El Gobierno ha hecho bien en no entablar una guerra de cifras con los sindicatos a propósito del seguimiento de la huelga general de ayer contra la reforma laboral que ahora se tramita en el Congreso. Resulta tan evidente que fue una huelga general como que no consiguió paralizar enteramente al país. En Córdoba, por ejemplo, tuvo un seguimiento dispar, pero fue rotunda y contundente en su manifestación, una de las más masivas ocurridas en la ciudad. Pero habría sido muy ingenuo confiar en que la desmovilización, el miedo y el desánimo de los ciudadanos iban a dejar solos a los sindicatos. La larga crisis económica, que no es achacable a ningún Gobierno en concreto, y las medidas que se vienen aplicando desde mayo del 2010 han provocado un gran malestar social y una gran incertidumbre sobre el futuro. No hay que ser un gran sociólogo para entender que esa tensión no se acaba con el castigo a un Gobierno en las urnas, como ocurrió en noviembre pasado en España cuando el PSOE perdió las elecciones.

Por eso la respuesta de ayer de Fátima Báñez ofreciéndose para el diálogo y la negociación durante el trámite parlamentario fue oportuna, aunque tuviera tanto interés en subrayar que la parte troncal de la reforma es inamovible. Habría sido preferible que la ministra hubiera admitido públicamente el peso de los argumentos sindicales, así como un cambio de orientación en lo que hasta ahora ha sido su actitud, pero es muy difícil que un político corra el riesgo de que lo tomen por débil. Solo los hechos dirán si estas palabras de la ministra fueron una forma de salir del paso --lo más probable-- o si realmente el Gobierno tendrá en cuenta a los millones de personas que ayer protestaron no acudiendo a sus puestos de trabajo y manifestando su descontento en las calles.

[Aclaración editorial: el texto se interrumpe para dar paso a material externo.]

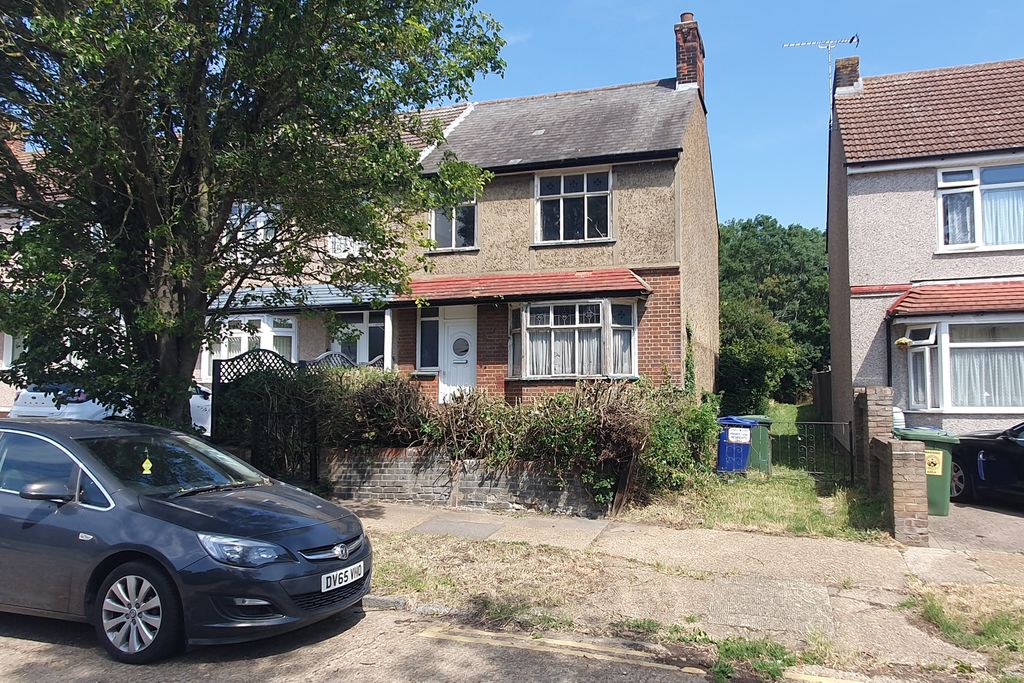 Property photo 1 of 1 31 Rookery View, Grays, Essex, Rm17 6As
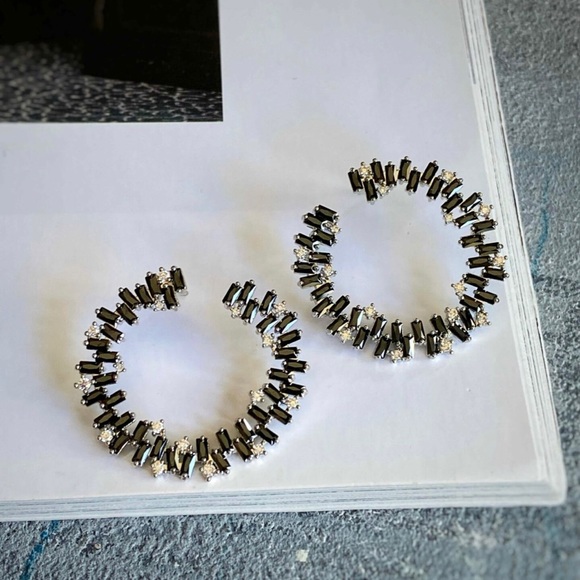 LAST ONE Black Crystal & White Zircon Earrings 1.3 in diameter - Picture 4 of 5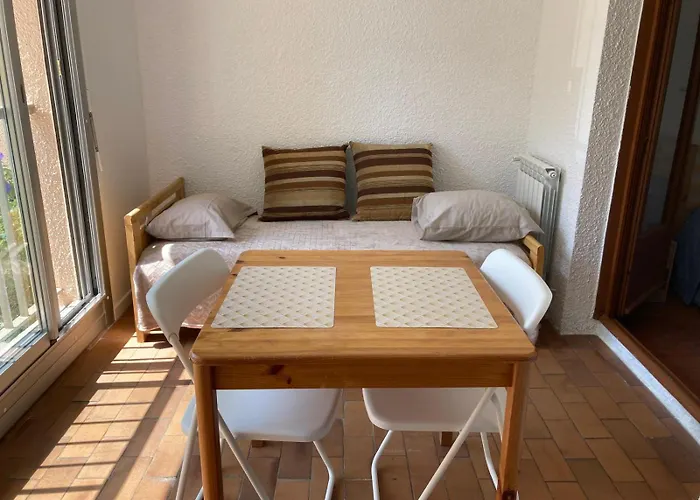 Apartament Grand T2 A Gruissan, Calme, Vue Sur Le Port Gruissan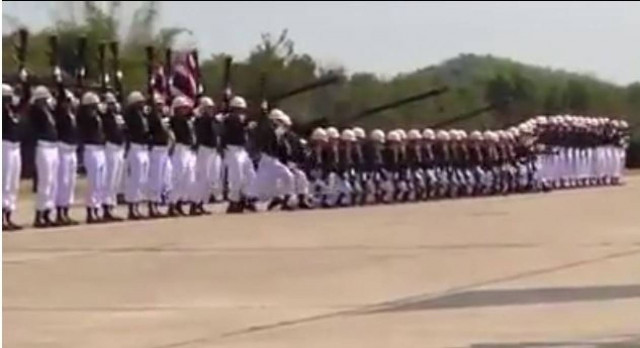 Παρέλαση... ντόμινο στην Ταϊλάνδη (vid)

Aún y suponiéndole al Gobierno la mejor disposición para entenderse con los sindicatos en esta materia, lo cierto es que tampoco tiene mucho margen de maniobra frente a Europa. Primero, porque las instituciones comunitarias han pedido reiteradamente a España una reforma laboral, aunque nadie puede decir que tiene que ser necesariamente esta. En segundo lugar, porque quizá Rajoy, como su ministro de Economía, hablaron y presumieron demasiado de la reforma que estaban preparando fuera del país y en ámbitos donde ahora introducir retoques podría interpretarse como marcha atrás. En realidad, si la estrategia gubernamental frente a la Comisión Europea era vender reformas profundas y decididas a cambio de obtener árnica en el cumplimiento de los objetivos de reducción del déficit, ya hemos visto que no ha dado resultado. La reforma financiera tampoco acaba de funcionar, según ha dicho el presidente de la patronal bancaria española. Y la laboral amenaza con desembocar en grandes protestas. Los sindicatos han tendido la mano para negociar mejoras en el proyecto de ley, una oferta que debería ser generosa e incluir algunos cambios, como la flexibilidad interna de las empresas y la agilización de los procesos para adaptarse a la cambiante coyuntura económica.